There are more and more young people getting into farming and Washington is now helping small farmers and the local food movement thrive.
American agriculture has been shrinking the number of farms and producing larger amounts of food for many years. The Agriculture Department wants that increasing production to continue.
At the same time, it's working with new farmers to improve the distribution system and make food hubs, which connect farmers and customers, more efficient. Small farmers are working with other small businesses so a farm can produce hops or malt for a brewery, for example.
"It's a sector populated by entrepreneurs. With the increase in interest in local and regional food systems, we see an opportunity for a significant number of entrepreneurs to come in and get into this business we call farming," says Doug O'Brien, acting undersecretary for rural development.

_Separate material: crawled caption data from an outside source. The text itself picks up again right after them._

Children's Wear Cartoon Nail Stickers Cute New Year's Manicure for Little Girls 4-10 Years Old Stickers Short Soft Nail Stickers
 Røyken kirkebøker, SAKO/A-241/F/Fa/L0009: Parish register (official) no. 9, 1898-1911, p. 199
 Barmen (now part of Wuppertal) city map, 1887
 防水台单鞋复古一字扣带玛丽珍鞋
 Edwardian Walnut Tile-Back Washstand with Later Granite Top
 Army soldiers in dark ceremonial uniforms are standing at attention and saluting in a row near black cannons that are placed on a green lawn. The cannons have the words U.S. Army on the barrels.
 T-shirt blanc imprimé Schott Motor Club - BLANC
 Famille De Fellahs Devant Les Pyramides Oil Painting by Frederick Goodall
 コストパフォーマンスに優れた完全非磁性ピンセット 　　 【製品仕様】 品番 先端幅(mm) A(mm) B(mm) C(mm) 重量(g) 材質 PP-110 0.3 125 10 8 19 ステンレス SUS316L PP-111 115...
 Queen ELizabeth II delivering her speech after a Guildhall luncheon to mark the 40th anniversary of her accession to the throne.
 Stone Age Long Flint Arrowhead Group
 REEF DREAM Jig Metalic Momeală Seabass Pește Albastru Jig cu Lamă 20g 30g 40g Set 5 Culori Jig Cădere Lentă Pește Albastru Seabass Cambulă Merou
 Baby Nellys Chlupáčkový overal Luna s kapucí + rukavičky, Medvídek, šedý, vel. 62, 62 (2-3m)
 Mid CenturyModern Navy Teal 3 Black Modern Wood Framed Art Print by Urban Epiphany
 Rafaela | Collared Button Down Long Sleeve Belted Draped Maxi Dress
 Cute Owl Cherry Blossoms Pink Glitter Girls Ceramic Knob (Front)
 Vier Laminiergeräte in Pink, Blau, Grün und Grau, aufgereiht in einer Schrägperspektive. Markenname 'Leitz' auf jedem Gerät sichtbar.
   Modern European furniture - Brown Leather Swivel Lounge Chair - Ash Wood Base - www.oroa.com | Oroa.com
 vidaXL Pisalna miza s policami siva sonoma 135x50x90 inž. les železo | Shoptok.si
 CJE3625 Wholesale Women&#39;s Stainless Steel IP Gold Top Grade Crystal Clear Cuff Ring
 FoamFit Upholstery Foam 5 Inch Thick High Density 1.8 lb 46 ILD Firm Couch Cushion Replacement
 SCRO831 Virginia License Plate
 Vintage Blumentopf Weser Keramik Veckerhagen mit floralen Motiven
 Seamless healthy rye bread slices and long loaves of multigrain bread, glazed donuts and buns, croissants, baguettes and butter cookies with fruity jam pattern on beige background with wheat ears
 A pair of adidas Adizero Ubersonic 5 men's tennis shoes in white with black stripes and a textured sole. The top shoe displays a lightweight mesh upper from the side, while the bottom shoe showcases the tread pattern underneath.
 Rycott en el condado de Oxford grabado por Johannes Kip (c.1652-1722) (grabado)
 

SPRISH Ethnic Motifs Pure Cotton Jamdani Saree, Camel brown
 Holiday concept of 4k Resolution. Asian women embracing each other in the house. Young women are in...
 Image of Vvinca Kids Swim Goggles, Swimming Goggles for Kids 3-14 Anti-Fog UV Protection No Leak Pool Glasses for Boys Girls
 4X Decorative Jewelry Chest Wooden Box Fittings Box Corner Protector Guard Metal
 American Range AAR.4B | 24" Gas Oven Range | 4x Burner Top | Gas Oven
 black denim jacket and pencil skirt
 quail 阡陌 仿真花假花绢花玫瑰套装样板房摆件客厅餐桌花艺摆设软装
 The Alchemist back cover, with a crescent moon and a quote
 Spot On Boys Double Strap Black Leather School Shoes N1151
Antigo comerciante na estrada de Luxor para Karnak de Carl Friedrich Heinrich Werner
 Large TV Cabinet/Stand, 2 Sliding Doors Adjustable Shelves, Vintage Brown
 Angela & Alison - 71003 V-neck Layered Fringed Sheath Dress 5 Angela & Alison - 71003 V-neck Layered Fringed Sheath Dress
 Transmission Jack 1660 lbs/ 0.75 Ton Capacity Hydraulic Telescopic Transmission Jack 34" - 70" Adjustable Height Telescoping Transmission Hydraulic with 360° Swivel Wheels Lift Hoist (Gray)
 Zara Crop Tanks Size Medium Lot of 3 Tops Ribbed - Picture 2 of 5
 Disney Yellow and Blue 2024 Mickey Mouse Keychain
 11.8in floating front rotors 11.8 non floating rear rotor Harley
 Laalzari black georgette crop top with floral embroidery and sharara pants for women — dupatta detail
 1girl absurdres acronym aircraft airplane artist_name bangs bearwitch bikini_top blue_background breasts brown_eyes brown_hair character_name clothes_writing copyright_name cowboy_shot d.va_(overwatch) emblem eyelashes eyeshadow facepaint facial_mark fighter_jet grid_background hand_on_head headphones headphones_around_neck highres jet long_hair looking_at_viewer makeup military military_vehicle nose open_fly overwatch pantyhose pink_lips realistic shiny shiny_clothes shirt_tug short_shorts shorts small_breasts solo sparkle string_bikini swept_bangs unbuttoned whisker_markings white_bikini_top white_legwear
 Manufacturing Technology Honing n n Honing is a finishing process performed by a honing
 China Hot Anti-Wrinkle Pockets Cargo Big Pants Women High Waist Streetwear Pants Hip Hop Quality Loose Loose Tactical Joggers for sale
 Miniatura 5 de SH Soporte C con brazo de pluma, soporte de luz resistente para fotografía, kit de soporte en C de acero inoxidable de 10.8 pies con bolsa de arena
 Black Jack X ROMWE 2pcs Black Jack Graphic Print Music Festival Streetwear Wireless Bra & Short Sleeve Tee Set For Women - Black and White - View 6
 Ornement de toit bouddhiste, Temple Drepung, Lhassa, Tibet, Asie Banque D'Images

O'Brien was raised in an Iowa farm family. He says crops are changing on the farm as immigrants bring a demand for new crops and new farmers are growing more specialized crops on smaller farms. O'Brien says food buyers want to know where there food comes from.
"With its Know Your Farmer, Know Your Food initiative, which includes a website that has a wealth of resources from USDA and other federal partners on supporting local regional food systems, we're working to make sure and to support that conversation in the nation on where food comes from," O'Brien says.
O'Brien says his department is also working with farmers to become more energy efficient, whether that means solar panels or windmills or methane gas electric generators from manure and other agricultural materials. He says some of that is a result of more federal agencies working together to help.